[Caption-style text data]
──────
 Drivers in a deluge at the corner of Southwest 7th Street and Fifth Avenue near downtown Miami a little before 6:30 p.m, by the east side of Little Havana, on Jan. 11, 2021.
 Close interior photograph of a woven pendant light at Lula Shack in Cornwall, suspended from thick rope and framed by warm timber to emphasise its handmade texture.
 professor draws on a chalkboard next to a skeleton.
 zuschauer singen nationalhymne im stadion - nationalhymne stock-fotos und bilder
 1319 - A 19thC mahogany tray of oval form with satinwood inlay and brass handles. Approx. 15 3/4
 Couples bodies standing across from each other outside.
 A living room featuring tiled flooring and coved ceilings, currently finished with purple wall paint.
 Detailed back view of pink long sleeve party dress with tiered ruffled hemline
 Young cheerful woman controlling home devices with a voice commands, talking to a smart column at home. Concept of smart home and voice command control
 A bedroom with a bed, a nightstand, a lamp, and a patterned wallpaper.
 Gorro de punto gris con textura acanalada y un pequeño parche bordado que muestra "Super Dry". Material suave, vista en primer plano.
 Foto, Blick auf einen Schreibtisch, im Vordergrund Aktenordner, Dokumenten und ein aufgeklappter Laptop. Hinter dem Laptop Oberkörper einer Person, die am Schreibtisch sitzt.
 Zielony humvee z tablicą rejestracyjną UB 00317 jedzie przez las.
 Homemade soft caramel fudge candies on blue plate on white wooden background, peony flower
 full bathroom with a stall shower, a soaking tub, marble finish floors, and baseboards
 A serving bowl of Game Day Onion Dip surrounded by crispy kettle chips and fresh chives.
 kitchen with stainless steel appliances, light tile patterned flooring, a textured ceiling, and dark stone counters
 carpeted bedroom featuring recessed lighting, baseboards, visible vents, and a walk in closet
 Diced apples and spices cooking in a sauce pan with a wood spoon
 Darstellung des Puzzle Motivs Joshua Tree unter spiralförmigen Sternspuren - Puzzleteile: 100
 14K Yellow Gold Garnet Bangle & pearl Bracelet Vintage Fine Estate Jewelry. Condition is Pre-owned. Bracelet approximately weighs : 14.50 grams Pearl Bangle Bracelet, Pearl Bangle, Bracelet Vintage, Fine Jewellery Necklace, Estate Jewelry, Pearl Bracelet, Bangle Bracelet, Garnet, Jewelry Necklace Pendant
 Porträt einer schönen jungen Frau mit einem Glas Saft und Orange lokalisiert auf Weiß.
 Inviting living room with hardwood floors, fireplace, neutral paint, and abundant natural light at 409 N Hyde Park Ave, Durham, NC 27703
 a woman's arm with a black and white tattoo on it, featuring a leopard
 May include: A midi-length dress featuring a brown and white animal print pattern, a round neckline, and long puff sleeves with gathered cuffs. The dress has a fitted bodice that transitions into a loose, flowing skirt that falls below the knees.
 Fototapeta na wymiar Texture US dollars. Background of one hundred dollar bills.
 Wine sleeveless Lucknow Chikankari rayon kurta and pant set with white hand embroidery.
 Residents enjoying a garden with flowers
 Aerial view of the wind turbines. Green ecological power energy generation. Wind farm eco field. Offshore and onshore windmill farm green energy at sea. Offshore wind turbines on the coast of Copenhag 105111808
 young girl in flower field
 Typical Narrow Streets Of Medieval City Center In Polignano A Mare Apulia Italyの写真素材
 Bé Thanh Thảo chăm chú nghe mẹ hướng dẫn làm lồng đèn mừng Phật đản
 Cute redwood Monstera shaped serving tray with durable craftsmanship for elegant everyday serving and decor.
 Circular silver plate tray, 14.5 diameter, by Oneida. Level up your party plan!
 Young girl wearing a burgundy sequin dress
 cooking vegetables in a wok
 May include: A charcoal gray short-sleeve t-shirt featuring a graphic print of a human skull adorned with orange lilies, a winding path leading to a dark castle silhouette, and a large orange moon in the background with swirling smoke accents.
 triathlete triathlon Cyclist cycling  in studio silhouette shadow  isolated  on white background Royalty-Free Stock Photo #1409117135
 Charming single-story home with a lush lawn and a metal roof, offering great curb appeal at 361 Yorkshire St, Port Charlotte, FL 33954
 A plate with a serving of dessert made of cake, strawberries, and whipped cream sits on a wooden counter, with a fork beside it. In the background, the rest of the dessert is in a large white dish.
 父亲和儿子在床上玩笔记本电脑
──────
- DIRECTIONS FOR THIS TASK
Exactly as written above, reproduce all of the entries.

- RESPONSE TO THE TASK
 Drivers in a deluge at the corner of Southwest 7th Street and Fifth Avenue near downtown Miami a little before 6:30 p.m, by the east side of Little Havana, on Jan. 11, 2021.
 Close interior photograph of a woven pendant light at Lula Shack in Cornwall, suspended from thick rope and framed by warm timber to emphasise its handmade texture.
 professor draws on a chalkboard next to a skeleton.
 zuschauer singen nationalhymne im stadion - nationalhymne stock-fotos und bilder
 1319 - A 19thC mahogany tray of oval form with satinwood inlay and brass handles. Approx. 15 3/4
 Couples bodies standing across from each other outside.
 A living room featuring tiled flooring and coved ceilings, currently finished with purple wall paint.
 Detailed back view of pink long sleeve party dress with tiered ruffled hemline
 Young cheerful woman controlling home devices with a voice commands, talking to a smart column at home. Concept of smart home and voice command control
 A bedroom with a bed, a nightstand, a lamp, and a patterned wallpaper.
 Gorro de punto gris con textura acanalada y un pequeño parche bordado que muestra "Super Dry". Material suave, vista en primer plano.
 Foto, Blick auf einen Schreibtisch, im Vordergrund Aktenordner, Dokumenten und ein aufgeklappter Laptop. Hinter dem Laptop Oberkörper einer Person, die am Schreibtisch sitzt.
 Zielony humvee z tablicą rejestracyjną UB 00317 jedzie przez las.
 Homemade soft caramel fudge candies on blue plate on white wooden background, peony flower
 full bathroom with a stall shower, a soaking tub, marble finish floors, and baseboards
 A serving bowl of Game Day Onion Dip surrounded by crispy kettle chips and fresh chives.
 kitchen with stainless steel appliances, light tile patterned flooring, a textured ceiling, and dark stone counters
 carpeted bedroom featuring recessed lighting, baseboards, visible vents, and a walk in closet
 Diced apples and spices cooking in a sauce pan with a wood spoon
 Darstellung des Puzzle Motivs Joshua Tree unter spiralförmigen Sternspuren - Puzzleteile: 100
 14K Yellow Gold Garnet Bangle & pearl Bracelet Vintage Fine Estate Jewelry. Condition is Pre-owned. Bracelet approximately weighs : 14.50 grams Pearl Bangle Bracelet, Pearl Bangle, Bracelet Vintage, Fine Jewellery Necklace, Estate Jewelry, Pearl Bracelet, Bangle Bracelet, Garnet, Jewelry Necklace Pendant
 Porträt einer schönen jungen Frau mit einem Glas Saft und Orange lokalisiert auf Weiß.
 Inviting living room with hardwood floors, fireplace, neutral paint, and abundant natural light at 409 N Hyde Park Ave, Durham, NC 27703
 a woman's arm with a black and white tattoo on it, featuring a leopard
 May include: A midi-length dress featuring a brown and white animal print pattern, a round neckline, and long puff sleeves with gathered cuffs. The dress has a fitted bodice that transitions into a loose, flowing skirt that falls below the knees.
 Fototapeta na wymiar Texture US dollars. Background of one hundred dollar bills.
 Wine sleeveless Lucknow Chikankari rayon kurta and pant set with white hand embroidery.
 Residents enjoying a garden with flowers
 Aerial view of the wind turbines. Green ecological power energy generation. Wind farm eco field. Offshore and onshore windmill farm green energy at sea. Offshore wind turbines on the coast of Copenhag 105111808
 young girl in flower field
 Typical Narrow Streets Of Medieval City Center In Polignano A Mare Apulia Italyの写真素材
 Bé Thanh Thảo chăm chú nghe mẹ hướng dẫn làm lồng đèn mừng Phật đản
 Cute redwood Monstera shaped serving tray with durable craftsmanship for elegant everyday serving and decor.
 Circular silver plate tray, 14.5 diameter, by Oneida. Level up your party plan!
 Young girl wearing a burgundy sequin dress
 cooking vegetables in a wok
 May include: A charcoal gray short-sleeve t-shirt featuring a graphic print of a human skull adorned with orange lilies, a winding path leading to a dark castle silhouette, and a large orange moon in the background with swirling smoke accents.
 triathlete triathlon Cyclist cycling  in studio silhouette shadow  isolated  on white background Royalty-Free Stock Photo #1409117135
 Charming single-story home with a lush lawn and a metal roof, offering great curb appeal at 361 Yorkshire St, Port Charlotte, FL 33954
 A plate with a serving of dessert made of cake, strawberries, and whipped cream sits on a wooden counter, with a fork beside it. In the background, the rest of the dessert is in a large white dish.
 父亲和儿子在床上玩笔记本电脑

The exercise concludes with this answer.